Постучался промокший странник в последнюю халупу на окраине. Хата бедна, соломой крыта. Жила в убогом домишке юница Марфуша. Она плела из ивы корзины и продавала их на базаре.
– Заходи, дедушка, – поклонилась путнику девица.
Она отложила в сторону недоплетенную корзинку, усадила странника на лавку. Выставила на стол шаньги, молока топленого налила в кружку. Старец поел, отогрелся и говорит:
– Платить мне нечем. Но за добро сплету тебе чудо-корзинку.
– Чем же она будет чудна? Али узорочьем? Али величиной? Али видом не округлым? – пропела Марфуша.
А путник улыбнулся:
– Да будет чудна корзинка не узорочьем, не обширностью, не видом хитроумным и вычурным. Чудо само проявится, когда время наступит. Но запомни: корзинка любит меру! Сломаешь плетёнку, пропадет её чародейство!
Изладил странник корзинку.
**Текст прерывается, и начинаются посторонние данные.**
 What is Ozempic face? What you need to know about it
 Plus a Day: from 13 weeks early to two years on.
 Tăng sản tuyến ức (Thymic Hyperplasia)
А погода уж прояснилась. Солнышко засияло, радуга мостом через речку перебросилась. Воробьи зачирикали. Ласточки закружились. Коровы на лугу замычали. Наступила благодать божья. И ушёл дед своей дорогой.
Марфуша на слова старца о корзинке внимания не обратила. Думала, пошутил человек. Но однажды пошла она в лес за земляникой. Соберёт горсточку ягод – и в рот. Соберёт другую – и опять съест. Наелась Марфуша земляники, присела на пенёк и подумала:
– Вот бы корзинка моя сама земляникой наполнилась!
Зажмурилась Марфуша, а когда глаза открыла, то удивилась: корзинка была полна крупной, спелой ягодой.
Стало ясно Марфуше, что корзинка у неё волшебная. И легко, радостно стало жить. Пойдёт Марфуша на базар и загадает:
– Вот бы корзинка моя наполнилась пряниками медовыми! И несёт юница домой пряники. И детишек соседских угощает. Как-то Марфуша задумалась:
– Вот бы в корзинке моей кошелёк с червонцами золотыми появился!
И возник в корзинке кошель с червонцами. Марфуша купила корову. Наняла она плотников. Плотники крышу избушки тесом покрыли. Ставни резьбой изукрасили. Красное крыльцо с перилами изладили.
Была у Марфуши родственница, тётка. Никогда раньше эта тетка Марфуше не кланялась. А как разбогатела юница-сирота, так и тётка в гости зачастила. Расплакалась как-то перед Марфушей родственница:
– Подсказала бы мне, как богатой стать! У меня ить семеро по лавкам. Перебиваемся с хлеба на квас.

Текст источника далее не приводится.